Census Bureau statisticians and experts from outside are trying to solve a mystery.

According to agency documents, residents did not answer a variety of questions about their sex, race and Hispanic heritage, family relationships, age, or a count of how many people lived in their home. Statisticians were required to fill in the gaps.

Reflecting an early stage in the number crunching, the documents show that 10% to 20% of questions were not answered in the 2020 census, depending on the question and state. The Census Bureau says that the actual rates were lower in later processing phases.

According to Steven Ruggles, University of Minnesota demographer, the rates ranged from 1% to 3 percent in 170 years of U.S. Censuses.

This information is vital as it will be used to draw congressional and legislative districts. That data, which the Census Bureau will release Thursday, also is used to distribute $1.5 trillion in federal spending each year.

These documents were made public by a Republican redistricting advocacy organization in response to an open record request. They don’t provide much insight into why certain questions weren’t answered, but theories abound. Some experts believe that the software used for the first census where most Americans were able to respond online allowed people skip certain questions. Others claim that the pandemic made reaching people who weren’t responding more difficult.

Experts suggest that there may be a deeper cause, though confusion over certain questions (including traditional Hispanic uncertainty about how to answer the race question) could have played a role. The Trump administration’s attempts to end the count earlier and its failed attempts to include a citizenship question on forms and exclude illegal immigrants had a chilling impact.

“I believe it’s Trump and the pandemic. Andrew Beveridge, a Queens College sociologist and the City University of New York Graduate School, said that the mere threat of citizenship being on the questionnaire may have discouraged some Latinos not filling it out. It is a shocking statistic that I think many of us are shocked by. It’s a high number.
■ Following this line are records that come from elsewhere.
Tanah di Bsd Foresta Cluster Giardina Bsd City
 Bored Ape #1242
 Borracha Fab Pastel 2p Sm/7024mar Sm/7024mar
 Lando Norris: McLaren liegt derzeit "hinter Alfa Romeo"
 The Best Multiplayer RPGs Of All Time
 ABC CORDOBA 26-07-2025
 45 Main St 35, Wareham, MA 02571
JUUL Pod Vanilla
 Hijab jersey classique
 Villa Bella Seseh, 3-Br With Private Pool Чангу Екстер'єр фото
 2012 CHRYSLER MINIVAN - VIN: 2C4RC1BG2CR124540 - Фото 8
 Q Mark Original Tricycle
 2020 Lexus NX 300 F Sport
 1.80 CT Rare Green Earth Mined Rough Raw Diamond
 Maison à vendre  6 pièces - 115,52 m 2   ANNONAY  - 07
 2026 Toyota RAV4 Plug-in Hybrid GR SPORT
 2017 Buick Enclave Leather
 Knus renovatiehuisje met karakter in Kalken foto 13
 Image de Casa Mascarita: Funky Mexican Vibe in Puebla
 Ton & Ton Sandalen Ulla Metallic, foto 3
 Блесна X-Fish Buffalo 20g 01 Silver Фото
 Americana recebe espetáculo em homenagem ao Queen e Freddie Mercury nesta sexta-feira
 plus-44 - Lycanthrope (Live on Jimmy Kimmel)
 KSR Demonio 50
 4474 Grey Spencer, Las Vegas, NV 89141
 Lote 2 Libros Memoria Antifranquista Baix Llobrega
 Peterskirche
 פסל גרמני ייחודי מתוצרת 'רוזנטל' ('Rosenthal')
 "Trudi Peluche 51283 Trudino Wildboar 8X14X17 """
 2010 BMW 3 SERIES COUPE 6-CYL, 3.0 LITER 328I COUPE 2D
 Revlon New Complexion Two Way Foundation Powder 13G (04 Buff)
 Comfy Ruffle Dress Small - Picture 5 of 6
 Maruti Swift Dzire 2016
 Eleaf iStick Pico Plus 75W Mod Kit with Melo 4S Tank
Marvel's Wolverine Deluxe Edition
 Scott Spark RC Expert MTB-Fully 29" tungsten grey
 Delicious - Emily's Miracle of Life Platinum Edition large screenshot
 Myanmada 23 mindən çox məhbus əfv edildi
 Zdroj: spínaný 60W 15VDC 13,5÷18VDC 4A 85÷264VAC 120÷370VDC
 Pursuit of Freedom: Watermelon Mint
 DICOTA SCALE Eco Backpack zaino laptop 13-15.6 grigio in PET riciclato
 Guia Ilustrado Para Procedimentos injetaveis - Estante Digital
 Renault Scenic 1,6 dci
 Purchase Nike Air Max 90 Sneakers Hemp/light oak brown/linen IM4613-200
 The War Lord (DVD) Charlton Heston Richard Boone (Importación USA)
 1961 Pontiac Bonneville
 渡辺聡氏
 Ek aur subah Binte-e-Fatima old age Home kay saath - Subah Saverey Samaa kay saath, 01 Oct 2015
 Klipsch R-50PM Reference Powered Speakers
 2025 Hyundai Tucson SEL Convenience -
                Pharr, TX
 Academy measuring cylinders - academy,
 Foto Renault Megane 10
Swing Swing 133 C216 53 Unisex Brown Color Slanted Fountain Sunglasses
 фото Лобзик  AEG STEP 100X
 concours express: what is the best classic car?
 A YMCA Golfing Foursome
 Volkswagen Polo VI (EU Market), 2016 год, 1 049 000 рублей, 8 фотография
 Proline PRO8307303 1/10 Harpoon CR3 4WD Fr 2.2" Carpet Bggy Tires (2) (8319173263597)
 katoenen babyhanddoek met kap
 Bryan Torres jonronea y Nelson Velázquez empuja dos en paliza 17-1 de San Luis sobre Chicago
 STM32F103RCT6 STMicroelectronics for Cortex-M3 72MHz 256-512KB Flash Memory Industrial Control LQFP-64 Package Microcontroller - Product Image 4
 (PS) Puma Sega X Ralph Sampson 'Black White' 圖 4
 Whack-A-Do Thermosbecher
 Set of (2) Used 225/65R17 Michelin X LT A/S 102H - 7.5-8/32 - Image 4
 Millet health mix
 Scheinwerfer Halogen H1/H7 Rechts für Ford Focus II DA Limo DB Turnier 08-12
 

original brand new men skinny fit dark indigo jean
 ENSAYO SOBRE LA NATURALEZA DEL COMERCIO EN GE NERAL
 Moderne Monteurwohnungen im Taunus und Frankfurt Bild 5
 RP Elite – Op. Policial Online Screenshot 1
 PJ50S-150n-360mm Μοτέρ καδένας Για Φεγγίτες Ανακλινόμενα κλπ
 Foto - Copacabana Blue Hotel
Ruggles thought that it was due to the online software used by most Americans. This is about two-thirds. Similar software has been used in Canada and Australia. The number of unanswered question dropped to nearly zero in other countries like Canada and Australia. Respondents couldn’t continue if they didn’t answer a question.

Ruggles stated that “I suppose in the U.S. Version they must have just accepted incomplete responses.” Ruggles stated, “If the non-response rates were consistently high across all response modes, that is just bizarre.”

Ron Jarmin, Acting Director of the Census Bureau, stated in a blog post recently that blank answers covered all types of questions and responses — online, paper, phone, or face-toface.

Jarmin stated that “these blank responses left holes within the data which we had needed to fill.”

Jarmin stated last week that the bureau would not release updated rates until later in the month, but said only that it would “report the correct numbers” in a statement to The Associated Press.

Census Bureau statisticians used other administrative records, such as tax forms and Social Security card applications, to fill in the gaps. They also searched previous censuses for people’s race, gender, and Hispanic heritage.

If available records didn’t turn up the information needed, they turned to the statistical technique called imputation that the Census Bureau has used for 60 years. After past censuses, the technique was challenged and upheld by courts.

Statisticians may have looked at information about one family member, such as their race, and applied that information to the other member who had blank answers. They also assigned a sex to the respondent based on their first names. In some cases, the whole household was not able to provide information so they used data from similar neighbors.

In a recent blog post, Roberto Ramirez of the Census Bureau and Christine Borman said that imputation can improve data quality and accuracy over leaving these fields empty or without any information from respondents.

The Census Bureau in April released state population totals from the 2020 census. These are used to divide up the congressional seats in each state through a once-a decade process called apportionment.

The agency released a slide deck presentation about the high rate of unanswered questions, along with group housing records and the first details about the rate of non-responses, in response to an open records request from Fair Lines American Foundation. The Republican advocacy group sued Census Bureau to get information on how the census was done in prisons, dorms, nursing homes, and other areas where people live in groups. Fair Lines states it is concerned about the accuracy and reliability of the group housing count. It also wants to ensure that anomalies don’t impact the state’s population figures.

With the information showing high rates of imputation, some Republican-controlled states may try to leave college students out of redistricting data, claiming they were also counted at their parents’ homes, to get a partisan edge, said Jeffrey Wice, a Democratic redistricting expert.

Wice stated, “That will prove difficult but would inject more uncertainty into redistricting.”